Although the Jordan Cove LNG Terminal in Coos Bay, Ore., is the sixth project to win a coveted license to export liquefied natural gas to countries that don’t have free-trade agreements with the United States, it would be the first new export project on the West Coast.
That would give Jordan Cove a major advantage supplying Asian countries eager for natural gas, but the Energy Department’s conditional approval is only the first step in a long process of financing and constructing the multibillion-dollar terminal.
The agency gave Jordan Cove permission to export as much as 800 million cubic feet per day of natural gas over the next two decades.
Cumulatively, the licenses issued so far would allow export of up to 9.3 billion cubic feet of American natural gas every day to non-free-trade partners. That’s near the upper bounds of potential natural gas export levels analyzed in a 2012 study for the Energy Department that provides the foundation for regulators’ determination whether a proposed project is “consistent with the public interest.”
Kevin Book, managing director of the Washington-based analysis firm ClearView Energy, said the level of LNG export approvals so far would move the United States into “superpower” territory, nudging close to Qatar’s 10.3 billion cubic feet of daily natural gas export capacity.
With cumulative approvals now in a “high-export scenario” examined by the 2012 study, manufacturers and other big users of natural gas are pressing the Energy Department to halt reviews and conduct a fresh examination of how large-scale exports could affect domestic prices for the fossil fuel.
Sen. Ed Markey, D-Mass., a critic of natural gas exports, noted that the 2012 report predicted natural gas prices would climb by more than 50 percent under a “high-export scenario.” Markey said the potential price tag is $62 billion in higher energy costs for Americans who rely on natural gas for power and heat.
“There can be no doubt that we have crossed a line into an era when we could be massively exporting America’s natural gas, sending the jobs and consumer benefits abroad along with the fuel,” Markey said in a statement. “The level of exports approved is now more than every single American home consumes, and it could impose up to a $62 billion de facto tax on American households and businesses.”
Export advocates insist the Energy Department is moving too slowly in vetting applications, since U.S. law generally requires the government to authorize natural gas sales to non-free-trade partners unless they are inconsistent with the public interest.

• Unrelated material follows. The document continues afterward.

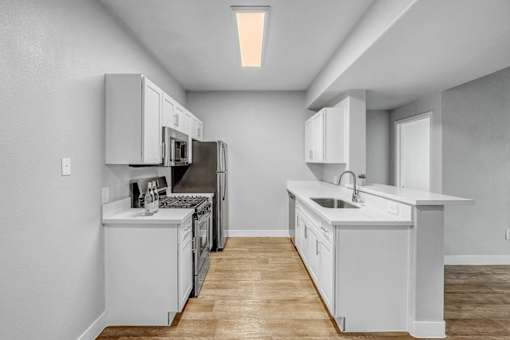 A modern kitchen with white cabinets and appliances.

About two dozen applications are pending review.
Sen. Lisa Murkowski, the top Republican on the Senate Energy and Natural Resources Committee, said Jordan Cove license “sends a positive signal to our allies and to energy markets that the United States is ready to join the growing global gas trade.”

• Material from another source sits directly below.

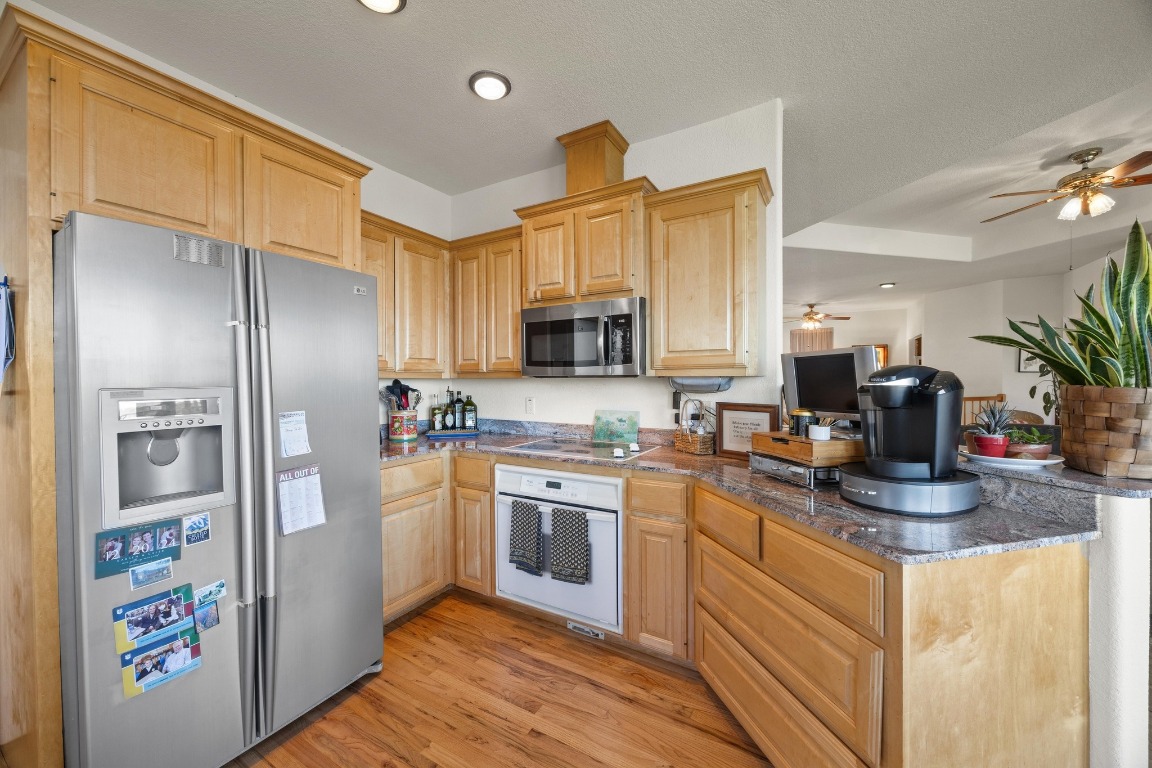 515 Coventry Road Spicewood, TX 78669 - Photo 17 of 36 a kitchen with stainless steel appliances granite countertop a refrigerator a stove top oven a sink and dishwasher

Pausing to further study the issue is the wrong approach, added Murkowski, R-Alaska.
Even with an export license in hand, companies must also secure approval from the Federal Energy Regulatory Commission, clear environmental reviews and obtain other permits. They also need to attract capital for the expensive projects and line up customers willing to ink 20-year-contracts for super-chilled, liquefied natural gas carried on tankers around the globe.
Unlike other LNG terminals that would be built at existing import facilities, Jordan Cove would be a newly built, greenfield project, sited on an undeveloped stretch inside the Port of Coos Bay, designed to take advantage of gas from the Rockies.
In February, Canadian officials gave Jordan Cove’s parent company, Veresen Inc., permission to process natural gas from that country.
The project would involve construction of a 230-mile pipeline, as well as the cryogenic equipment to transform natural gas into a liquid.